▶ Your task
Where the material below has a line containing "2023 Land Rover", start repeating exactly, and keep going through the line containing "Used Toyota Hilux", with no other lines.

▶ Entries shown
-------

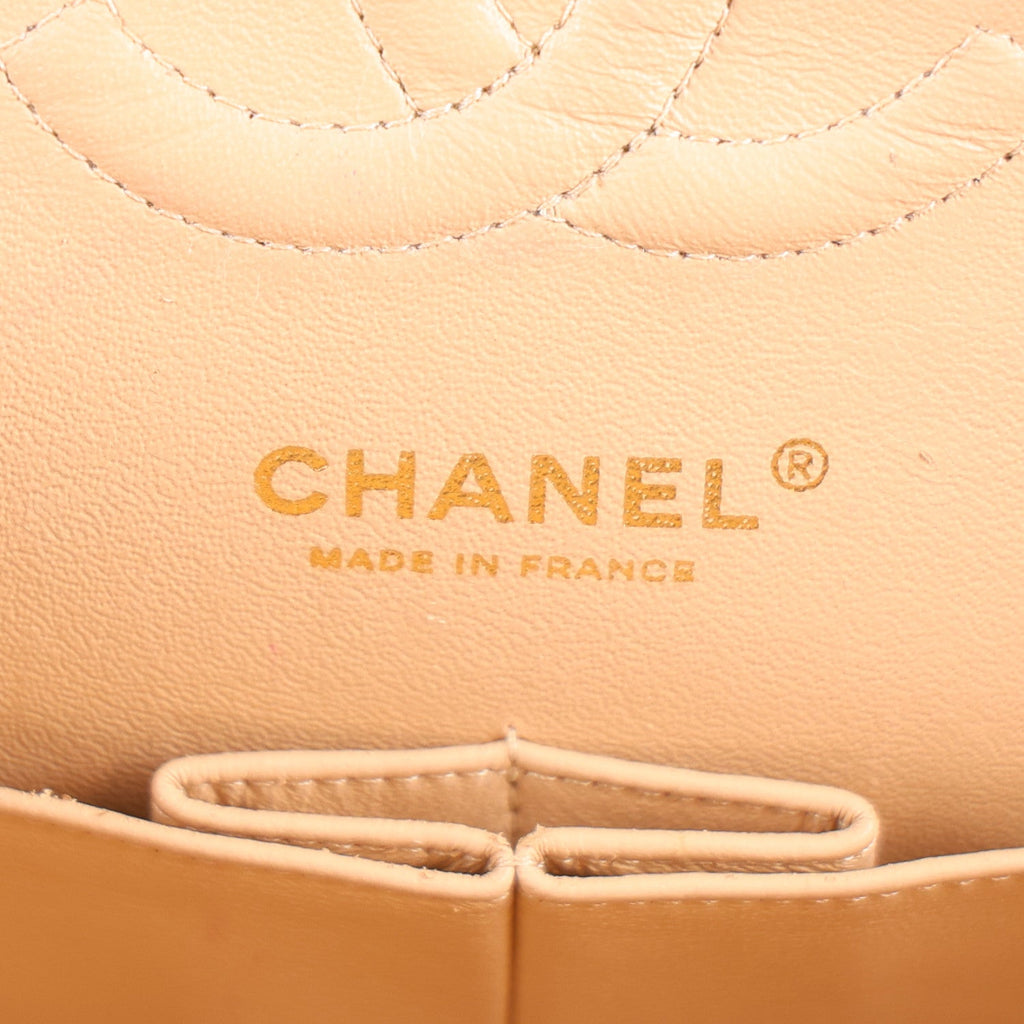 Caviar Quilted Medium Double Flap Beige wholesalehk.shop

-------

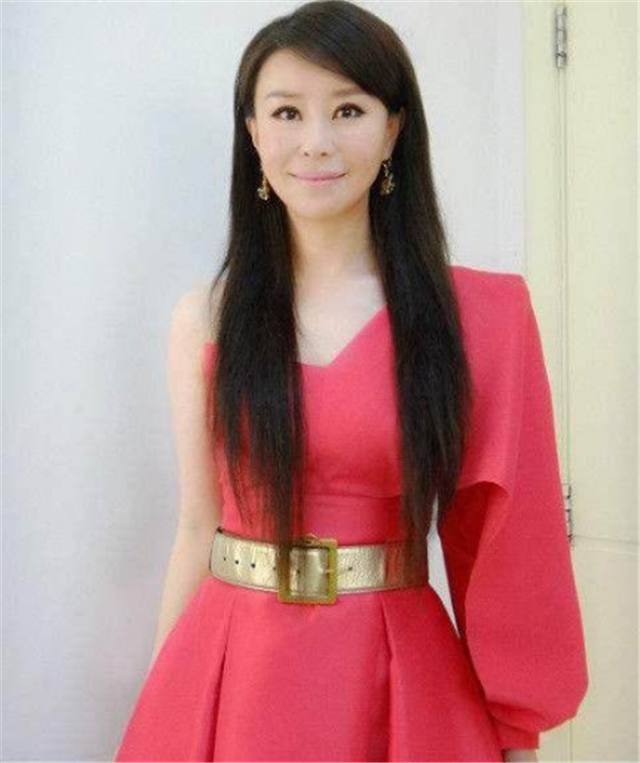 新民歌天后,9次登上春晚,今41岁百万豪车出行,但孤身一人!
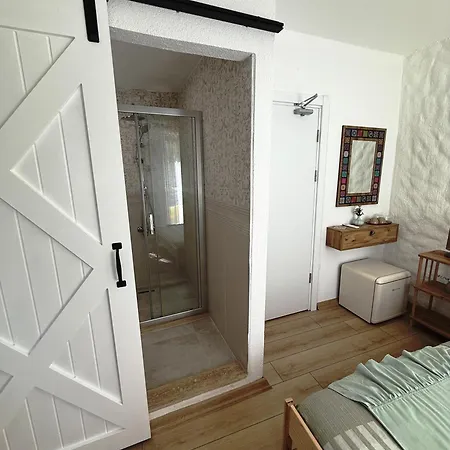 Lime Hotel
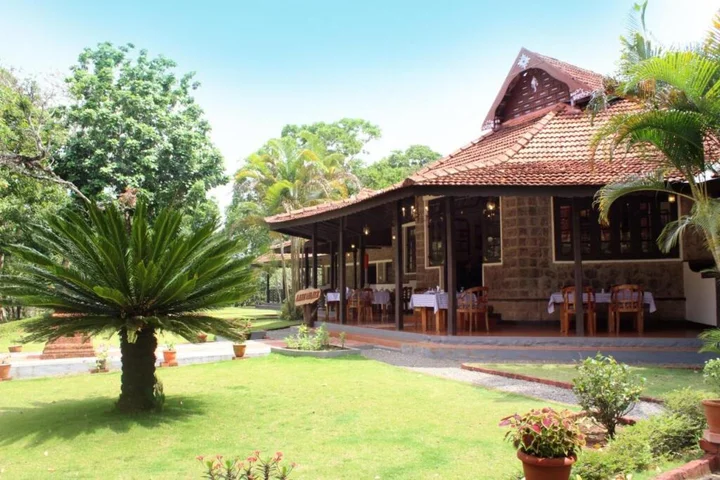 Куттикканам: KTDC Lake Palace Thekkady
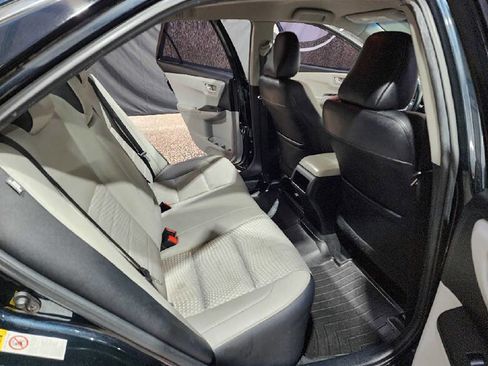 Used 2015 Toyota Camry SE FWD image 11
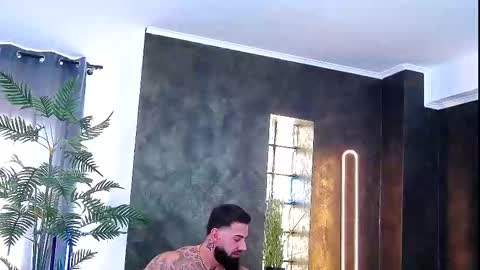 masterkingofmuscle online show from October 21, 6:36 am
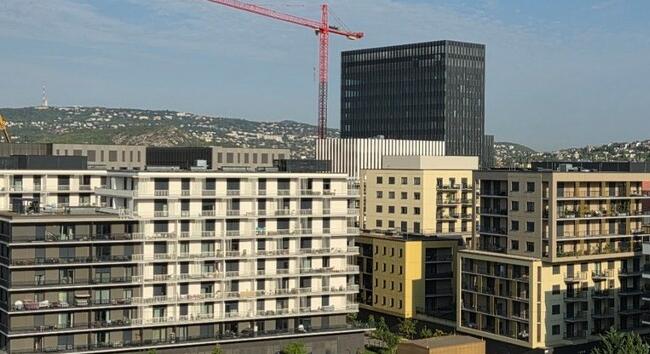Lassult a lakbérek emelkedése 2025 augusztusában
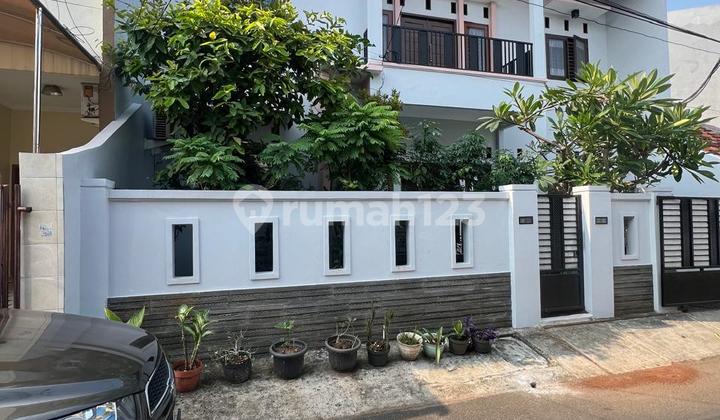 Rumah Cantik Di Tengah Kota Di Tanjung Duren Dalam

-------

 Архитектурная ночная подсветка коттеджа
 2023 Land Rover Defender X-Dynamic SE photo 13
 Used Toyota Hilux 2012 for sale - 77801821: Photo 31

-------

▶ The completed task
 2023 Land Rover Defender X-Dynamic SE photo 13
 Used Toyota Hilux 2012 for sale - 77801821: Photo 31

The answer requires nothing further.